Bionic Sea Urchin Robot with Foldable Telescopic Actuator
This work addresses the challenge of designing compact, adaptable robots for applications like exploration or surveillance, though it appears incremental in combining existing telescopic actuator and bio-inspired concepts.
The paper tackles the problem of creating a bio-inspired sea urchin robot with foldable spines for versatile locomotion, resulting in a prototype that can propel by extending spines and roll by hiding them inside a spherical body, as validated through simulations and experiments.

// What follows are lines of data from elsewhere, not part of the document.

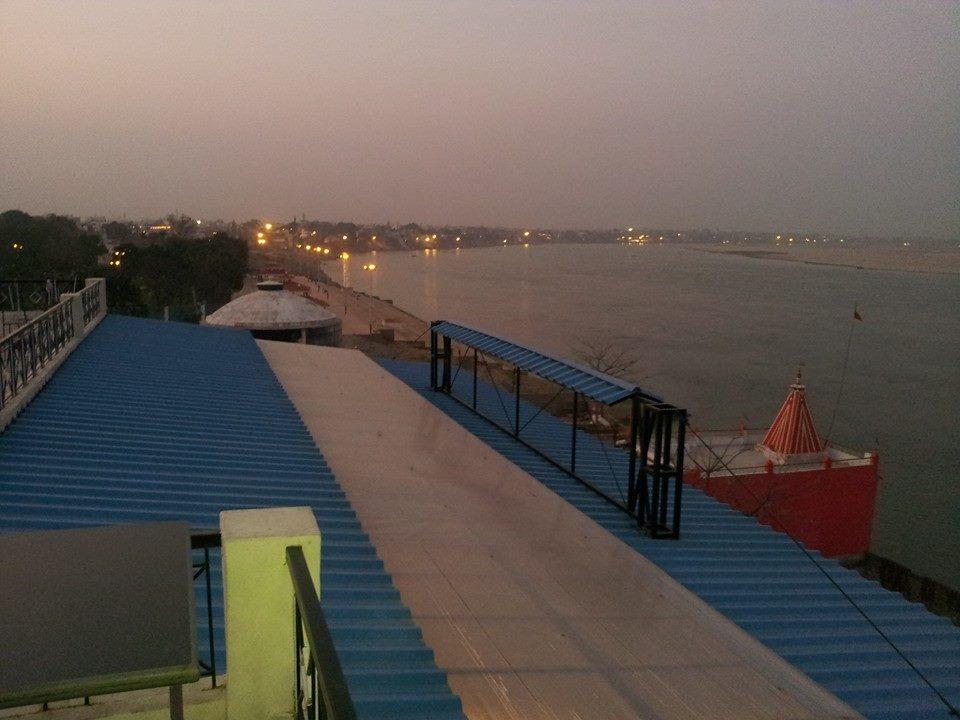 Rahul Guest House Varanasi Eksteriør billede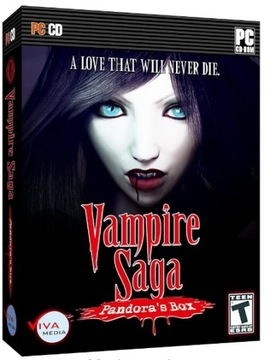 Vampire Saga Pandoras Box PC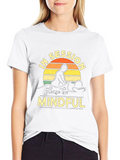 Mindful Massage Therapy T-Shirt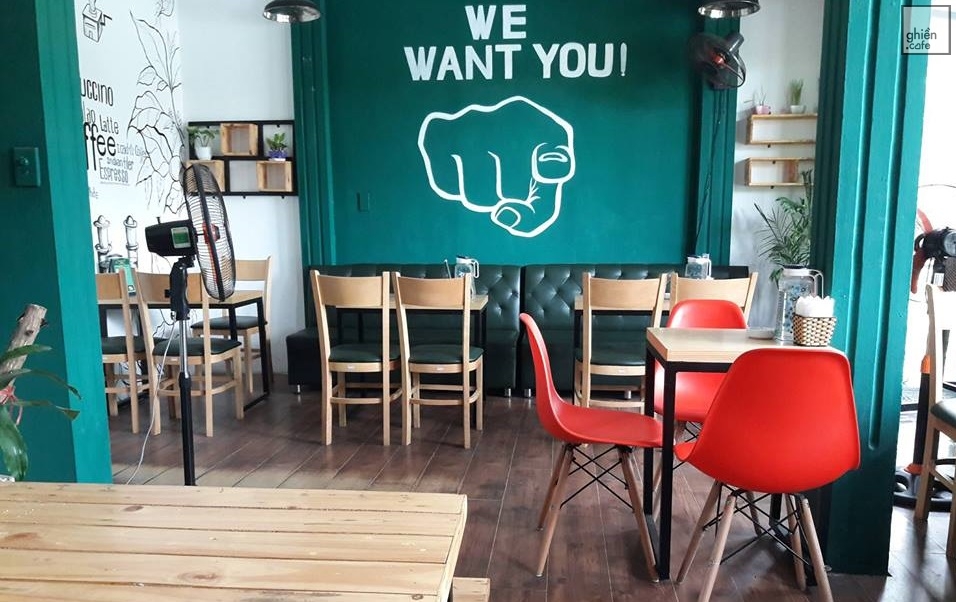 Gemini Coffee - Phạm Huy Thông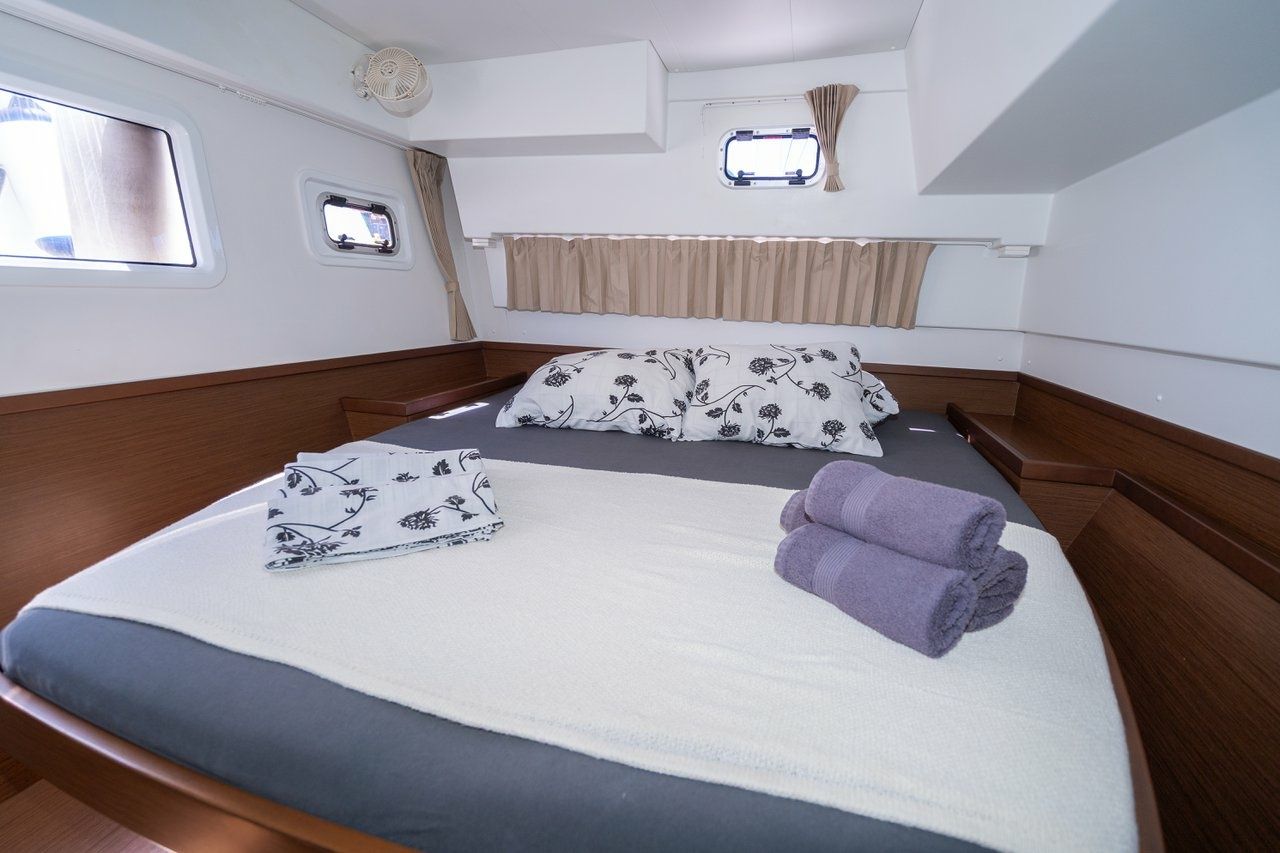 Lagoon 42 | Fleur De Sel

This paper presents a couple of interesting ideas: a telescopic actuator design and a bio-inspired sea urchin robot. The "spines" of the sea urchin robot consist of fourteen telescopic actuators equally distributed over it's spherical body. The telescopic actuation system integrates linked 3D printed rack articulations that are locked in all axes if the pinion moves the links in a forward direction, creating a solid and rigid rack. Thus, the robot is able to propel and move by extending its spines. On the other hand, if the pinion moves the rigid articulations backward, these are unlocked and can be folded in a minimal space, enabling the bionic sea urchin robot to hide its spines inside its constrained spherical-body and be able to roll. Simulations and experiments are presented from both, the sea urchin robotic prototype and different scales of the telescopic actuation system.